Their heroes crashed and burned on the day; even the seven-point margin of defeat to Clare didn't tell the full story of Limerick's collective malfunction.
Beary - who would help Na Piarsaigh achieve county title and provincial club success by year's end - was also a spectator. He's not entirely convinced that this Sunday's semi-final can be packaged purely as a chance for atonement.
"Myself looking in at that, you have to give credit to Clare for their performance," he maintains. "Clare went with great intent in that semi-final last year.
"But yeah, I'd say the players - if you were to talk to them - that has been a big motivating factor. As a management team, all we've done is sought their feedback from that day and from that occasion, as to what we can do differently."
Limerick's trouble, that day, was encapsulated by the freetaking nightmare endured by their Munster hero, Declan Hannon.
This precocious talent also struggled in this year's Munster final defeat to Cork but, given a more central brief, returned to something like his best form against Wexford in the All-Ireland quarter-final ten days ago.
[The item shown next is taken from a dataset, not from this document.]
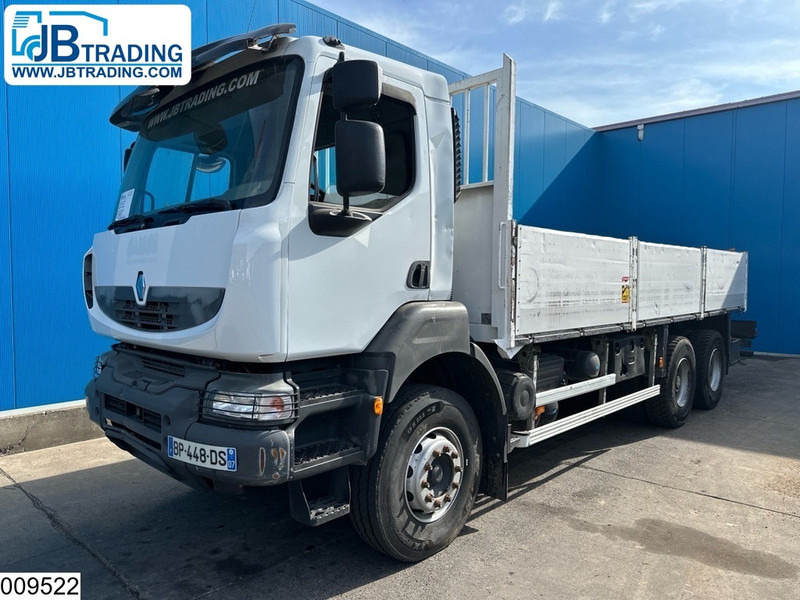Renault Kerax 380 Dxi 6X4, EURO 5, Steel suspension - Камион со платформа: слика 1 Renault Kerax 380 Dxi 6X4, EURO 5, Steel suspension - Камион со платформа: слика 1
"The amount of practice time he puts in, we've fantastic faith in him," Beary declares. "He is very young. It's remarkable to think how young these guys are. Shane Dowling is still only 21. When I was involved in Na Piarsaigh in 2011, he was only 18 and had just done the Leaving Cert."
Mention of Na Piarsaigh calls to mind last year's Munster club final and some clear parallels with Limerick's first half demolition job on a Wexford team that had stormed through the qualifiers only to hit a wall, playing for the fourth weekend running.
"That reminded me a lot personally of the Na Piarsaigh Munster club final," says Beary. "Sixmilebridge had to play five or six weeks in a row because of the success of Clare. They'd a great win over Midleton in Cork and were on a bit of a high. They won the home toss. But that fatigue element does catch up on you."
Na Piarsaigh duly sauntered home by 4-14 to 0-8, having led by 1-8 to 0-5 at the break. Limerick's rout of Wexford was even more emphatic: they were 3-15 to 0-8 clear at the interval while the full-time audit read 4-26 to 1-11.
A case of going for the jugular against weary legs?
"It was in my head, to be honest with you," says Beary. "I saw certain parallels there going into it. But the critical part from our perspective, and it's something we focussed on a lot since the Munster final ... we got off to a good start but maybe we wanted more of the killer instinct. I think we showed that to good measure.
"The interplay is getting better, the movement is getting better. There's a fantastic blend of youth and experience in the forward division," he adds.
Now all that remains is to show it on Sunday and keep the narrative going.